ACTION ITEM:
Begin at the line below that has "Looking for a". Stop after the line that has "This is Mercury, the", repeating each line exactly and leaving out the pictures.

INPUT:
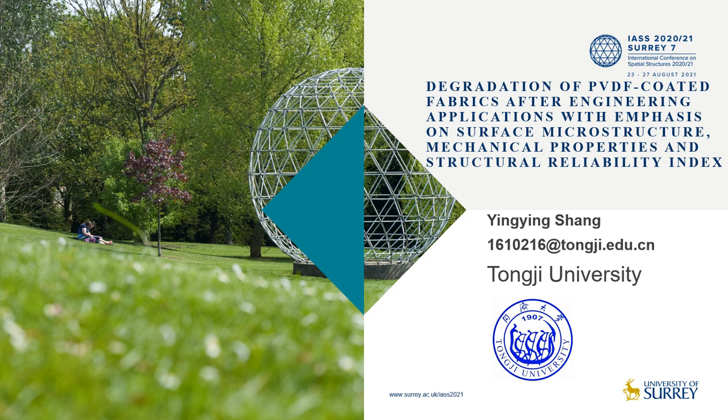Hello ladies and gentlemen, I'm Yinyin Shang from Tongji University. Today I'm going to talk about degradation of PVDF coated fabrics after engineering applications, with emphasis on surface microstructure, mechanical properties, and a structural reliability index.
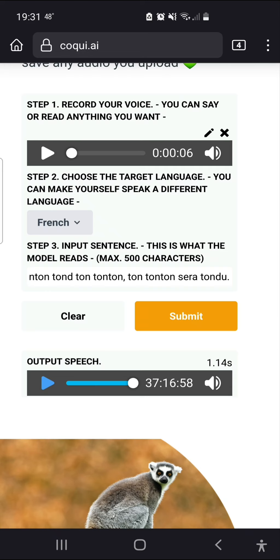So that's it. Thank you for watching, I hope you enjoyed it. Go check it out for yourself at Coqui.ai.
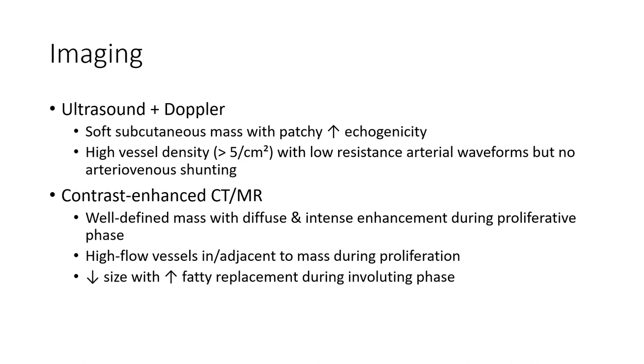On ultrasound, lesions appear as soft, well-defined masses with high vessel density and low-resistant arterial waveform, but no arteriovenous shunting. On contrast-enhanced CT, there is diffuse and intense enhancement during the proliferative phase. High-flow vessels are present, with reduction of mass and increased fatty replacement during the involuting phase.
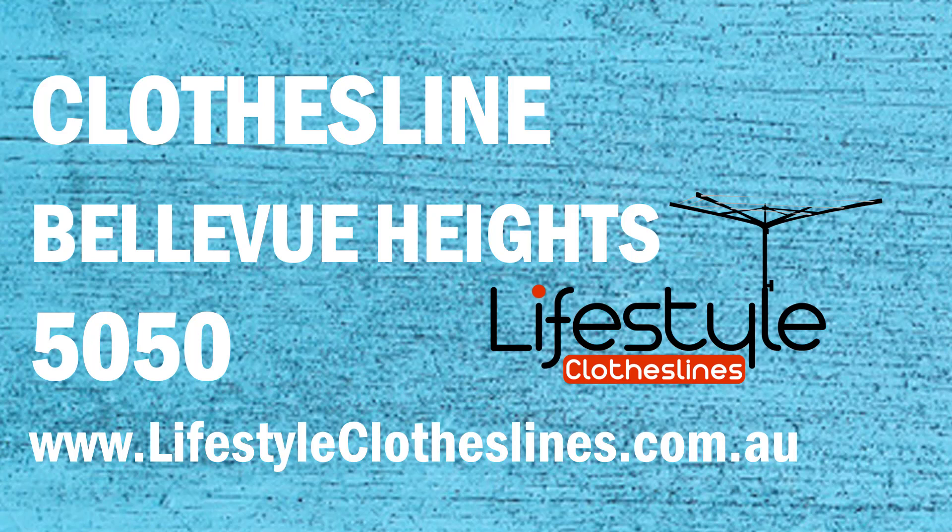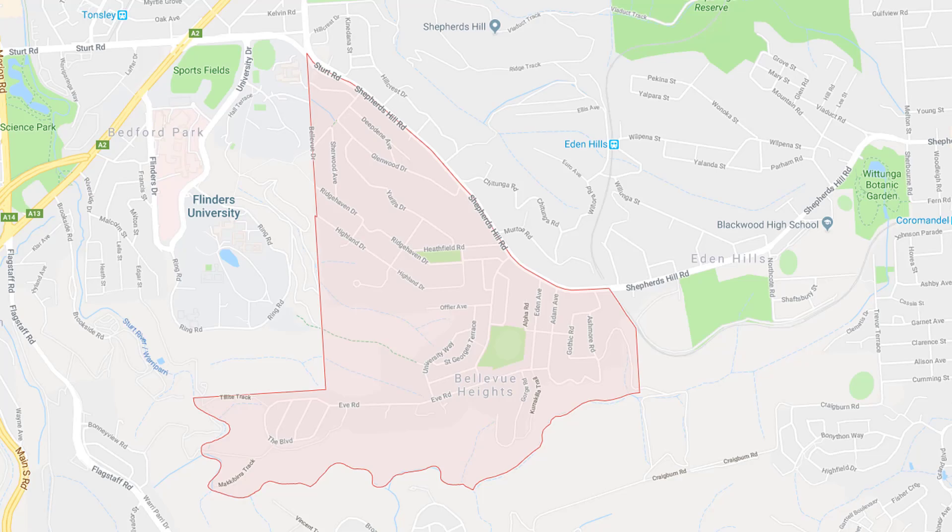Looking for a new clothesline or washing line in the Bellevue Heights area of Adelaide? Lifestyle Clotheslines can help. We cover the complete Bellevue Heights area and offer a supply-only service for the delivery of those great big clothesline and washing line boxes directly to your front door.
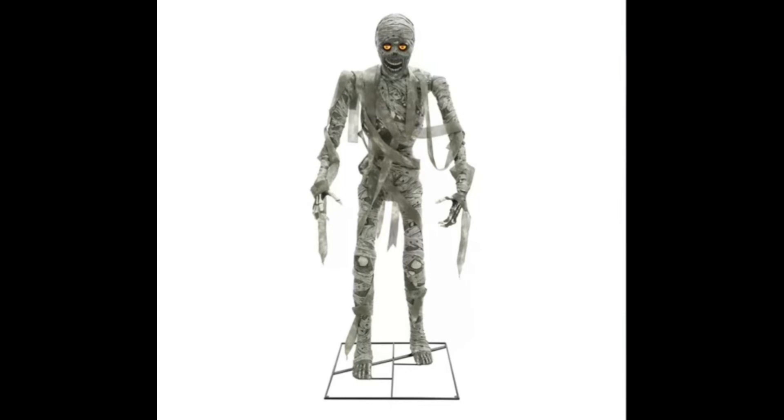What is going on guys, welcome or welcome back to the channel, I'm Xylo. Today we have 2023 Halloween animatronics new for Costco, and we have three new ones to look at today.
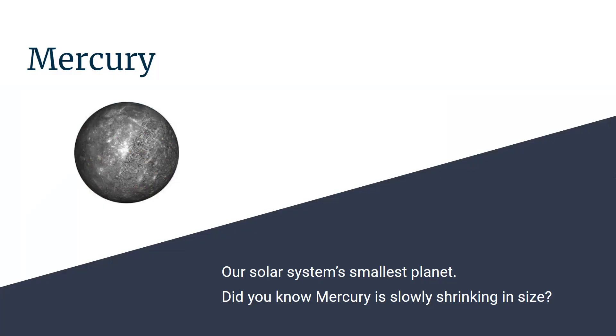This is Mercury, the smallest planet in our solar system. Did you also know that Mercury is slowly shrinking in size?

==

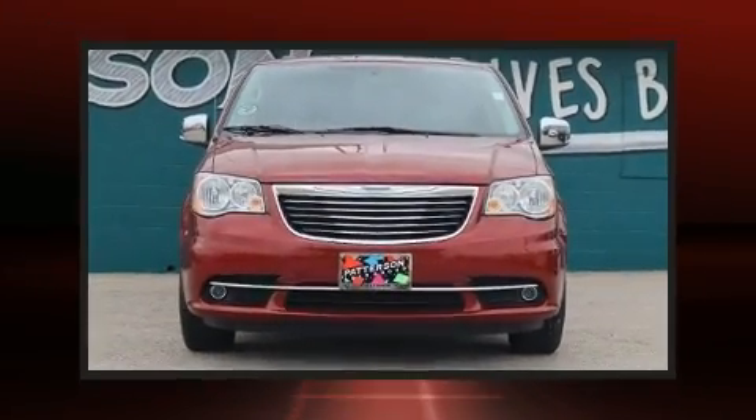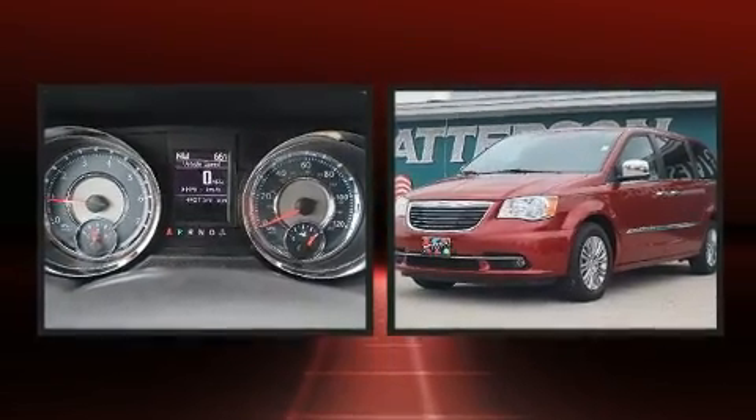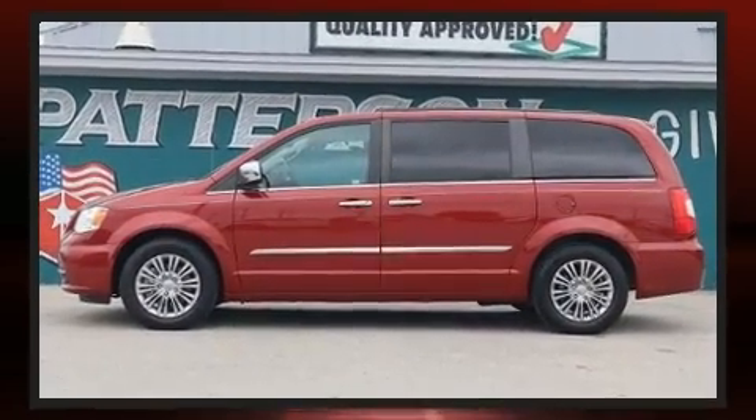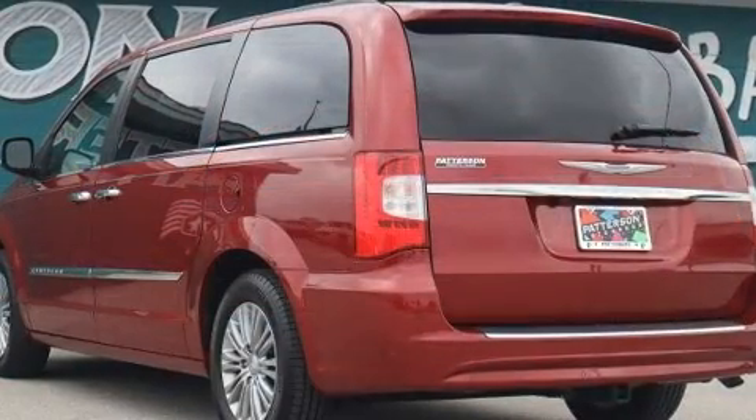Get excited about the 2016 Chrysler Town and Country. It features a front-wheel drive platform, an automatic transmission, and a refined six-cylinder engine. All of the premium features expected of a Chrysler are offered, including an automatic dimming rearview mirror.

...

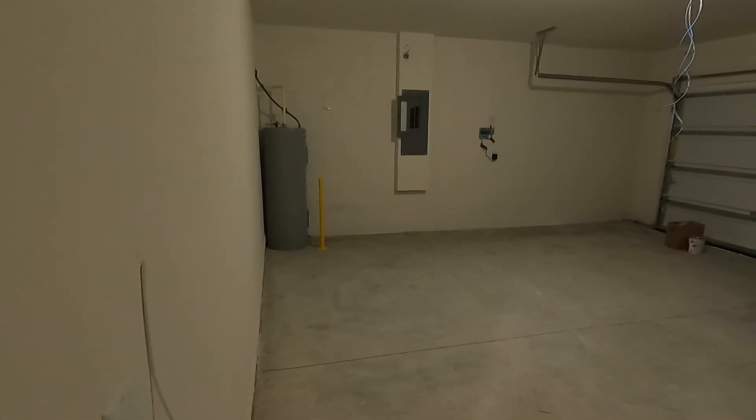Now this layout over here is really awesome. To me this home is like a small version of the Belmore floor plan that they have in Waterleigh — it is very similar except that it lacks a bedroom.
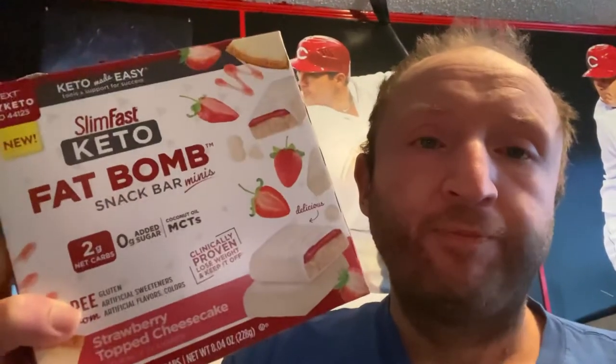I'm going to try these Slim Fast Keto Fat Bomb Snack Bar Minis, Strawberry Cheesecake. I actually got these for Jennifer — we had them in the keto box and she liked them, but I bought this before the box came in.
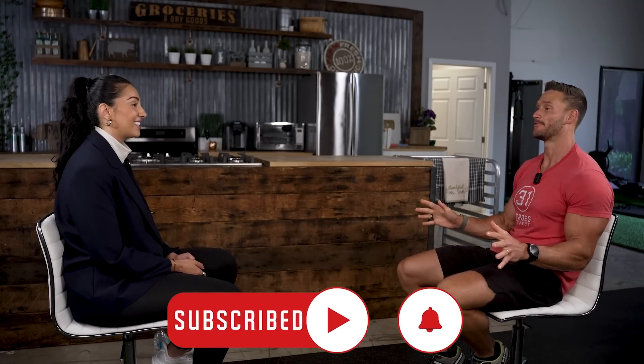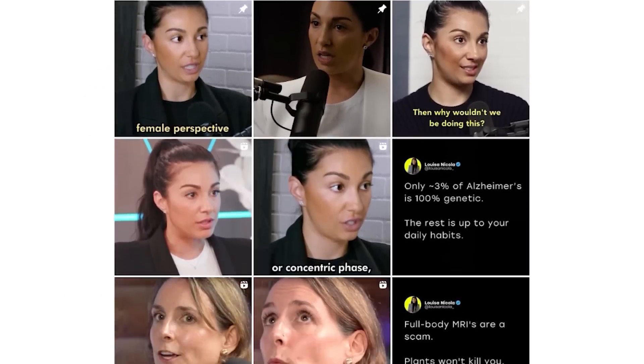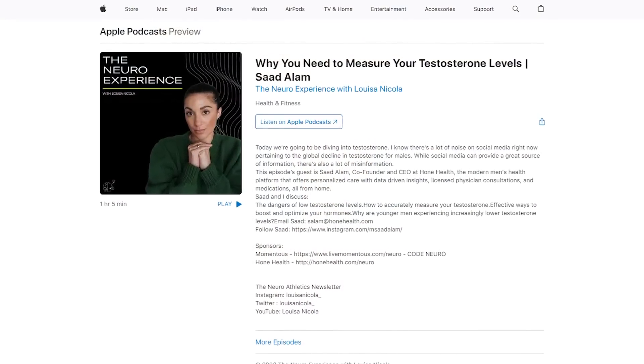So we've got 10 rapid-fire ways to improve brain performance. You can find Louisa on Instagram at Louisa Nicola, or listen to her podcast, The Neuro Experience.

RESPONSE TO THE EXERCISE:
Looking for a new clothesline or washing line in the Bellevue Heights area of Adelaide? Lifestyle Clotheslines can help. We cover the complete Bellevue Heights area and offer a supply-only service for the delivery of those great big clothesline and washing line boxes directly to your front door.
What is going on guys, welcome or welcome back to the channel, I'm Xylo. Today we have 2023 Halloween animatronics new for Costco, and we have three new ones to look at today.
This is Mercury, the smallest planet in our solar system. Did you also know that Mercury is slowly shrinking in size?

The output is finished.